Work instruction: Set down the lines below, exactly, starting at the one that contains "Agriturismo Cipolli E" and stopping at the last line, inclusive. Omit pictures.

** Opening Dataset extract block **

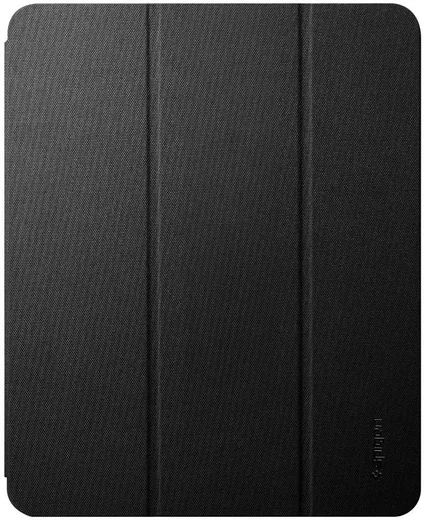 Spigen Urban Fit Apple iPad Pro 12.9 2018 / 2020 Hoesje Zwart afbeelding 9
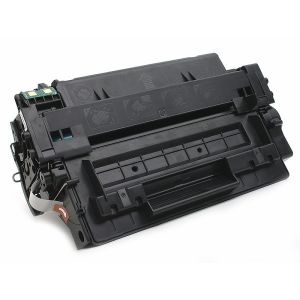 Toner HP Q6511A (11A), černá (black), alternativní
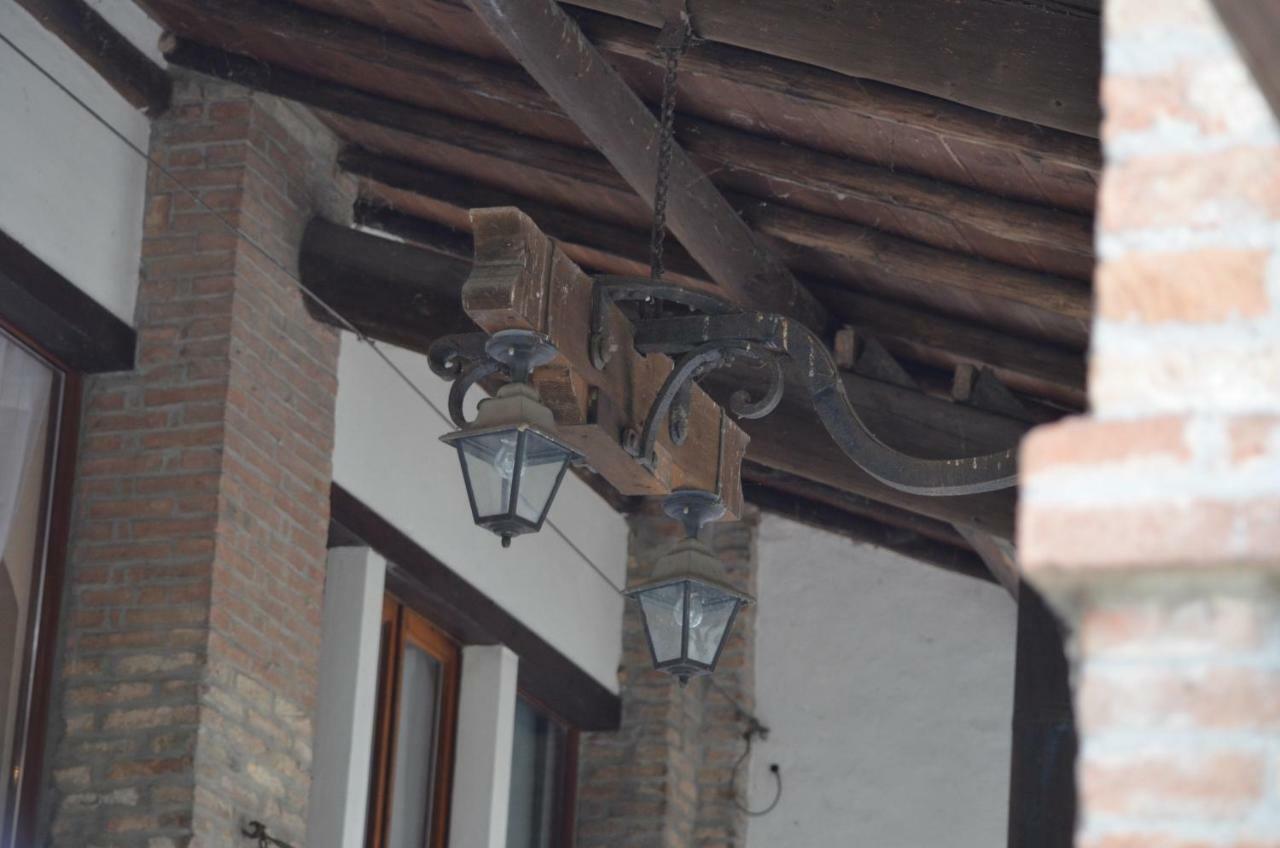 Agriturismo Cipolli E Podo Corte Carlini マントヴァ エクステリア 写真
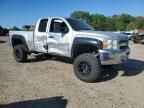 2013 Chevrolet Silverado K1500 LT
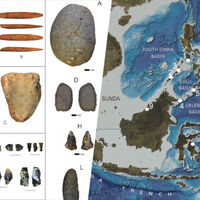35.000 años cruzando los mares: el hallazgo arqueológico en Filipinas que cambia todo lo que creíamos sobre la navegación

** Closing Dataset extract block **

Result of this task:
 Agriturismo Cipolli E Podo Corte Carlini マントヴァ エクステリア 写真
 2013 Chevrolet Silverado K1500 LT
35.000 años cruzando los mares: el hallazgo arqueológico en Filipinas que cambia todo lo que creíamos sobre la navegación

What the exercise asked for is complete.